#### [INFORMATION SUPPLIED]
********
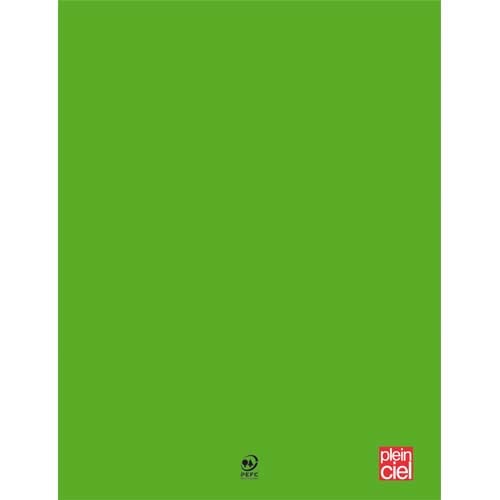 PLEIN CIEL Cahier piqûre 21x29,7cm 96 pages grands carreaux Seyès 90g. Couverture polypro Vert photo du produit Principale L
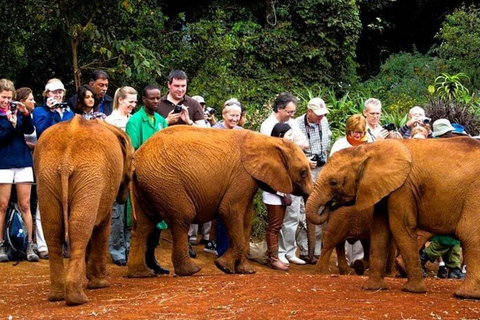 Nairobi: National Park, Elephant Orphanage & Giraffe Center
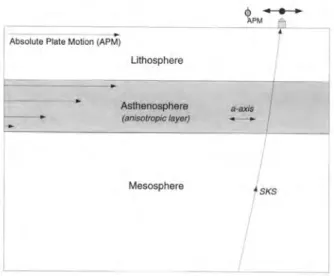 Figure  1.11:  Anisotropie induite par le déplacement de la  lithosphère au-dessus d’une asthénosphère passive [Silver,  1996].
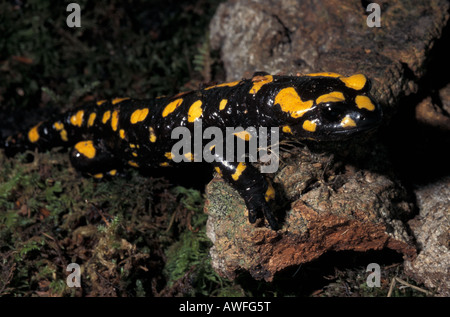 Salamandra Corsica, korsische Salamander Stockfoto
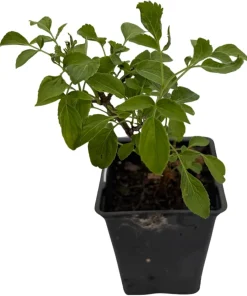 Wild Elderberry Shrub Live Plant - Sambucus Canadensis - 3.25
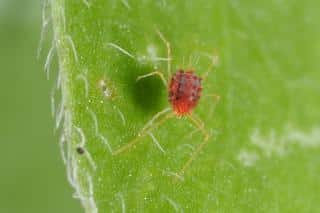 A single red spider mite on a leaf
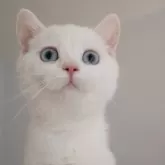 スコティッシュストレート【愛知県・男の子・2025年7月15日・チョコレートティックドタビー&ホワイト】の写真2「首をなが～くしてママ待ってますw」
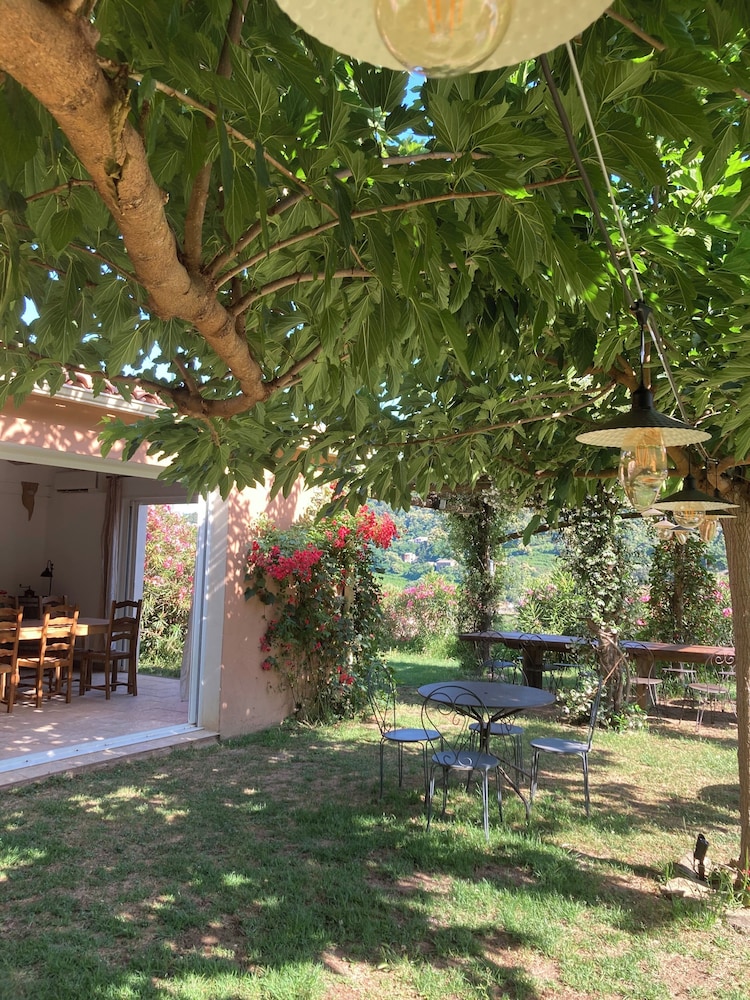 DOMAINE U BUGNU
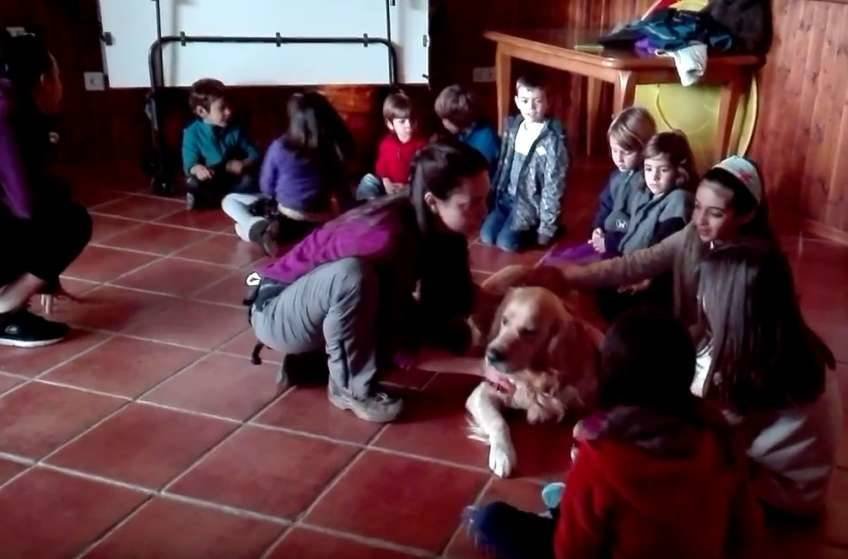 Actividad asistida con perros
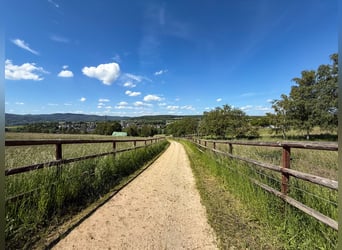 Propiedad privada con instalaciones ecuestres y vistas panorámicas, ubicada a las puertas de Bonn y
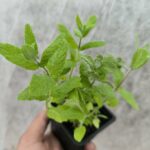 Menthe Pomme - Le Jardin Du Crapaud Fou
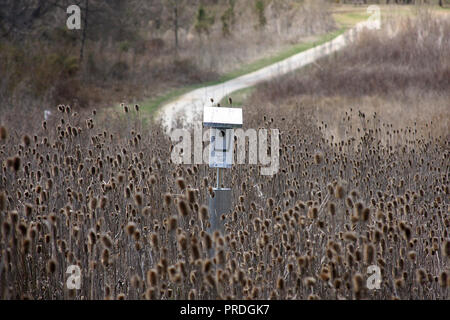 Oiseau-maison au milieu du terrain sec de Teasels, avec vue sur le sentier à l'arrière, à James River State Park, Virginie, États-Unis Banque D'Images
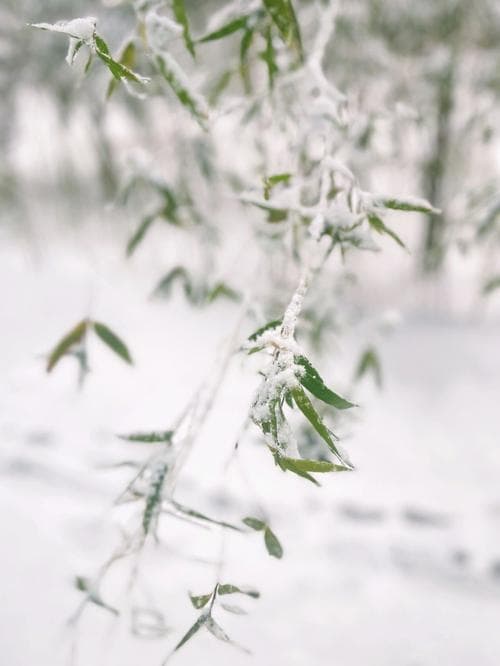 雪泥鸿爪的意思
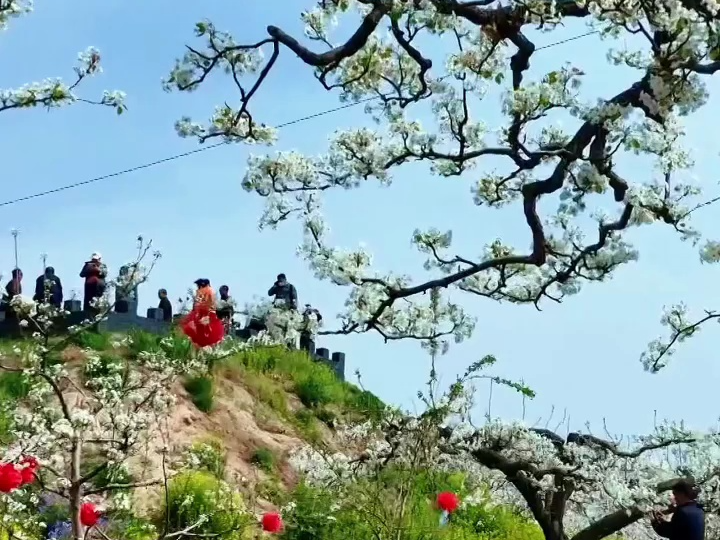 河北台报送:幸福像花儿一样!巧用“花心思”, 做强“花经济”,美景变“钱景”!哔哩哔哩bilibili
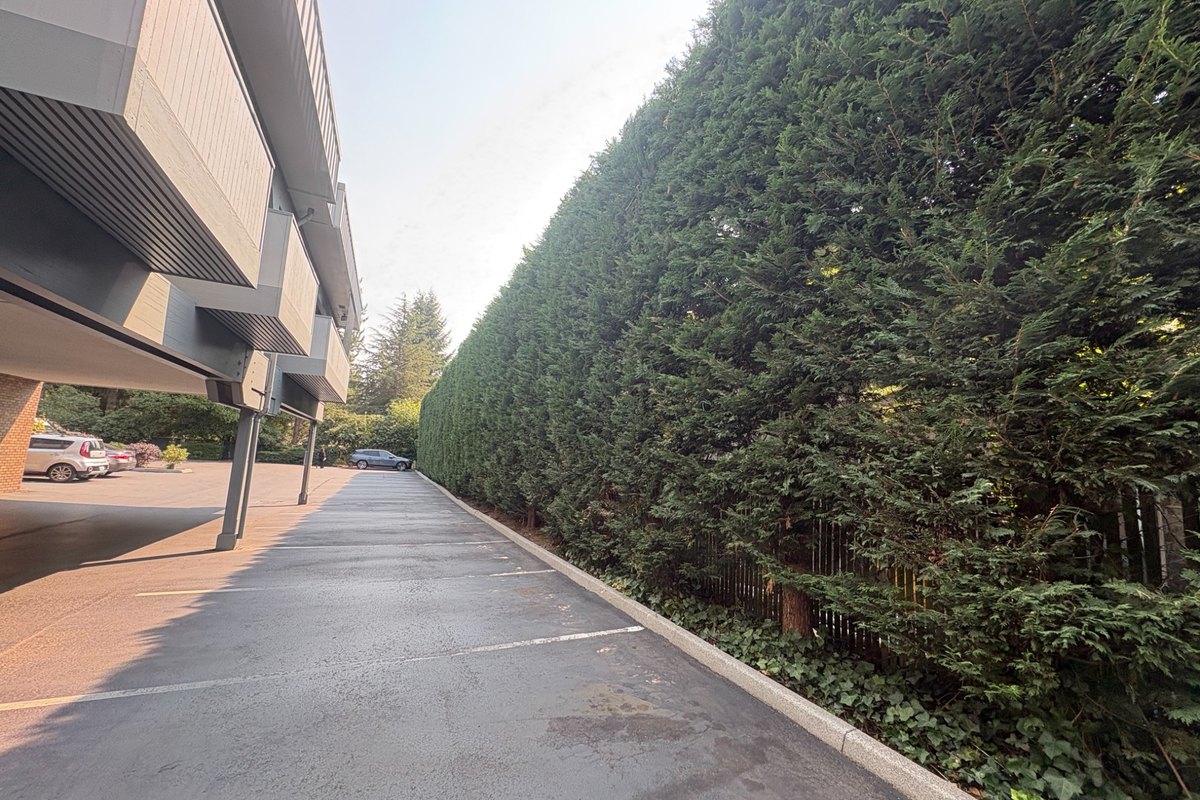 Long mature Leyland cypress privacy hedge bordering the parking area of a Bellevue multifamily property after pruning restored a more uniform shape and manageable size.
********
#### [WHAT IS EXPECTED]
Retype each line of the data exactly, beginning with the first; include the line containing "スコティッシュストレート【愛" and stop there, skipping every picture.

#### [WRITTEN SOLUTION]
 PLEIN CIEL Cahier piqûre 21x29,7cm 96 pages grands carreaux Seyès 90g. Couverture polypro Vert photo du produit Principale L
 Nairobi: National Park, Elephant Orphanage & Giraffe Center
 Figure  1.11:  Anisotropie induite par le déplacement de la  lithosphère au-dessus d’une asthénosphère passive [Silver,  1996].
 Salamandra Corsica, korsische Salamander Stockfoto
 Wild Elderberry Shrub Live Plant - Sambucus Canadensis - 3.25
 A single red spider mite on a leaf
 スコティッシュストレート【愛知県・男の子・2025年7月15日・チョコレートティックドタビー&ホワイト】の写真2「首をなが～くしてママ待ってますw」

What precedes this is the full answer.